Before moving forward, you need to know that in 1861 Mary Long, Melinda Green, Jacob Green, and Susan Long now “of Pope County Arkansas” sold 25 acres (deed 6-290) to W. F. Moss. On the next page in the deed book, and occurring in 1874, Mary Long, George Long, Louiz Long, and Melinda Green “of Ripley County Missouri” sold another 45 acres (deed 6-290) to W. F Moss. These folks appeared in the 1860 Pope County census as seen below. And, you will note that among those living in the household of Mary Long are Elbert Green aged 26 and Jacob Green aged 30, the sons of Hardy and Abigail Harwood Green.
And Hardy Green, the father of those who moved to Arkansas, did not make the trip west. In 1860 Hardy Green is listed as living in southwest Stanly County. He is without wife Abigail but note that daughters Sabra and Patsey are still living at home with their father:
I began this post with an 1897 deed from Michael and wife Mary Dry to M. T. and wife S. E. Hartsell. The ill-defined 50-acre tract adjoined the lands of J. A, Furr, Wilson Hartsell, Franklin Teeter, J. T. Lee, and Mathias Furr and was also described as “lying near Union Grove Church.” We know that in 1901 James T. Lee donated land for use by Union Grove Church and then in 1903 he gave land to Clark’s Grove Church. And, this land lay within or adjoined the 152-acre large square tract that once belonged to George Tucker.

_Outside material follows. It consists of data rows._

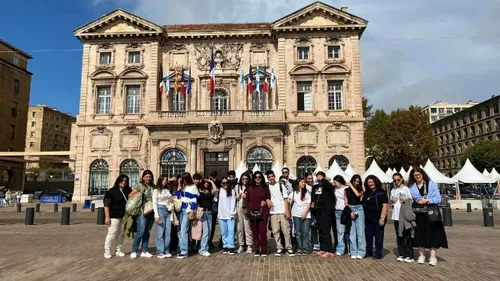 [ Société ] Jumelage historique entre le lycée Nelson-Mandela de...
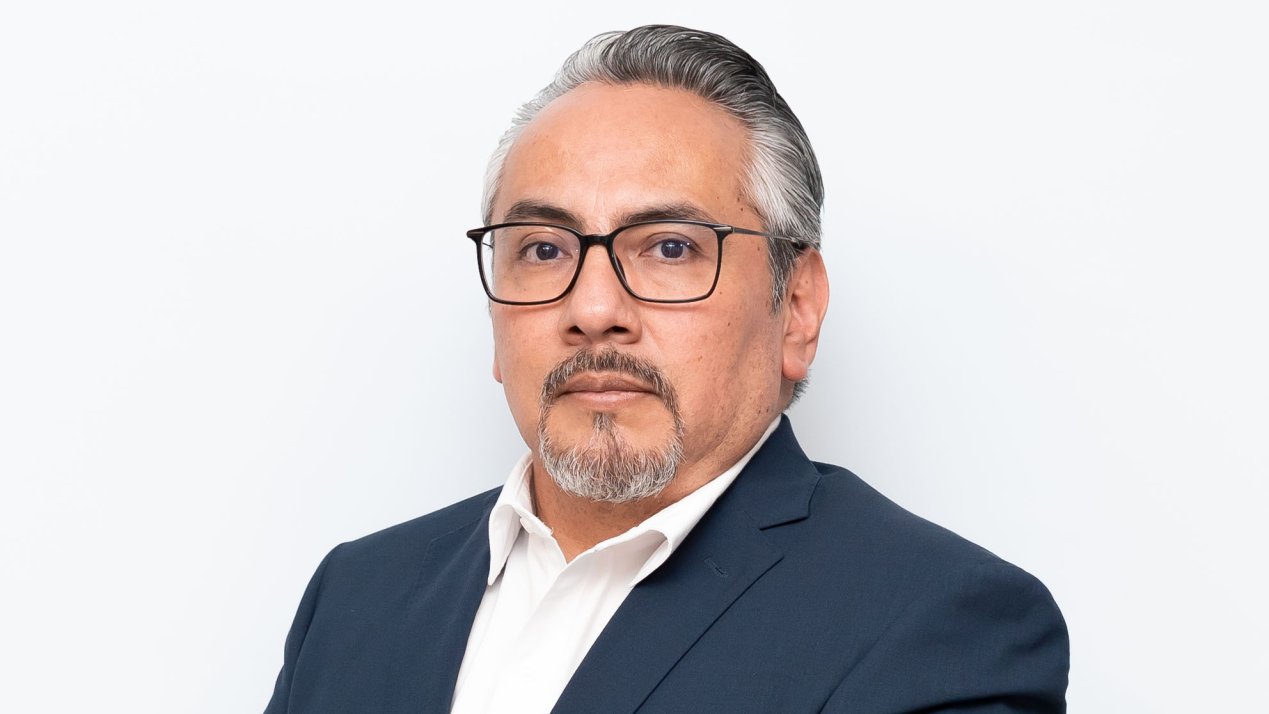 Reliable Tools Need a Reliable Team Behind Them: DSI PBL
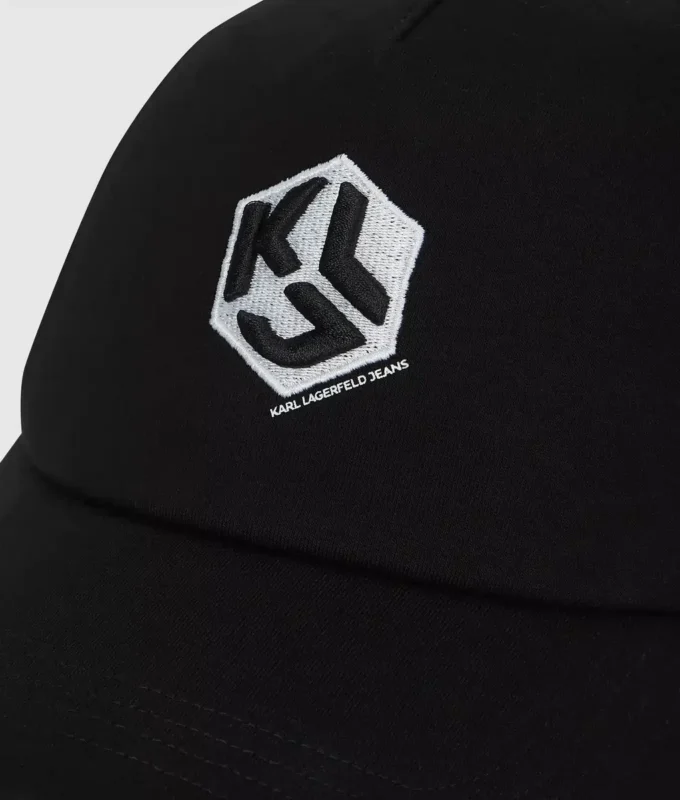 Monogram-trucker-lippalakki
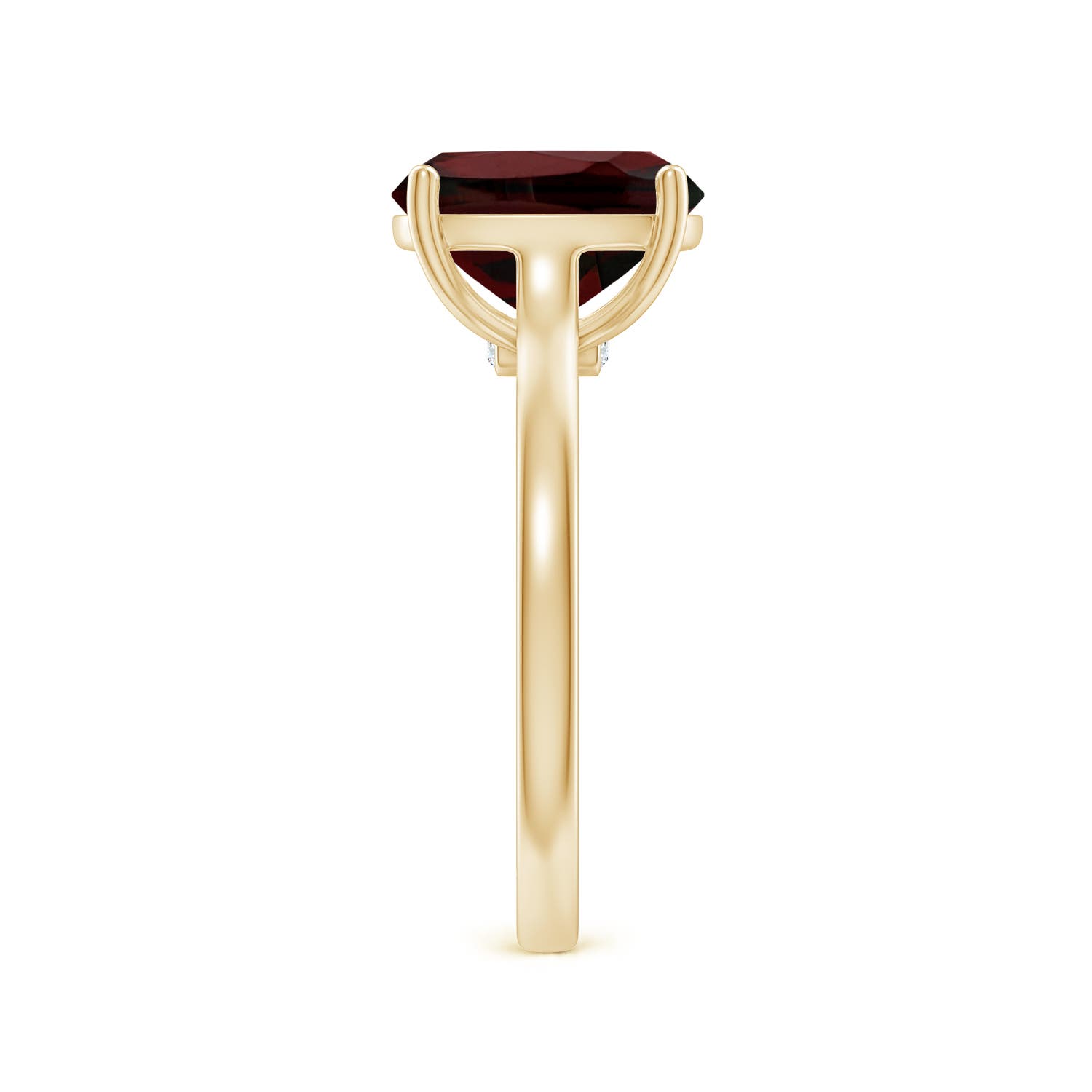 AA - Garnet / 3.37 CT / 14 KT Yellow Gold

We know that George Tucker also had land and a homeplace along present day Love Mill road at the site of Kinza Baptist Church. As a matter of fact, the church cemetery sort of merges with and becomes one with what was once the burial ground for the George Tucker family. And, we know that George Tucker is the brother of Caterenah Tucker who married John Barba. They lived north and west of Locust where John gave land for Meadow Creek Baptist Church. Their son Gabriel Barba happened to own land adjoining the large square tract south of Stanfield. that was once owned by George Tucker. There was also Hardy and Abigail Harwood Green’s daughter Foreba who is mentioned in a deed of conveyance for that tract of land. We know by the deed that Foreba married a John Barba who is likely connected to the John and Caterenah Tucker Barba family. And in all of this, I cannot prove the origin of Union Grove Church. I cannot with certainty find a spiritual tie that binds this story. I can, though, encourage Kinza Baptist Church to embrace a past that includes the story of George Tucker. And likewise, the story is likely not known at all as connects to the lands where Clark’s Grove Church now stands.
In closing, I hope that the deadly virus will one day be behind us. I hope that the church community will once again gather to fellowship on the grounds of Clark’s Grove Baptist Church. I also hope that the life and stories of those who came before will be better understood and shared. They were truly spiritual people and I feel their life achievements had a part in shaping the religious landscape.
And, as for Kinza Baptist, I’ve always been curious why there seems to be a an aire of exclusion in maintaining the memories of a past worth remembering. The George Tucker graves deserve a more honorable presentation. Does the church body have concerns of encroaching upon the hallowed grounds? If so, why not at least place a bronze plaque and corner stones to mark the hallowed space. I’d like to once again see the hidden stones rise again. But then again, I know they have survived and been protected for many years lying just out of reach of human sight and touch. Do we dare risk history? Where do family stand and what do you believe?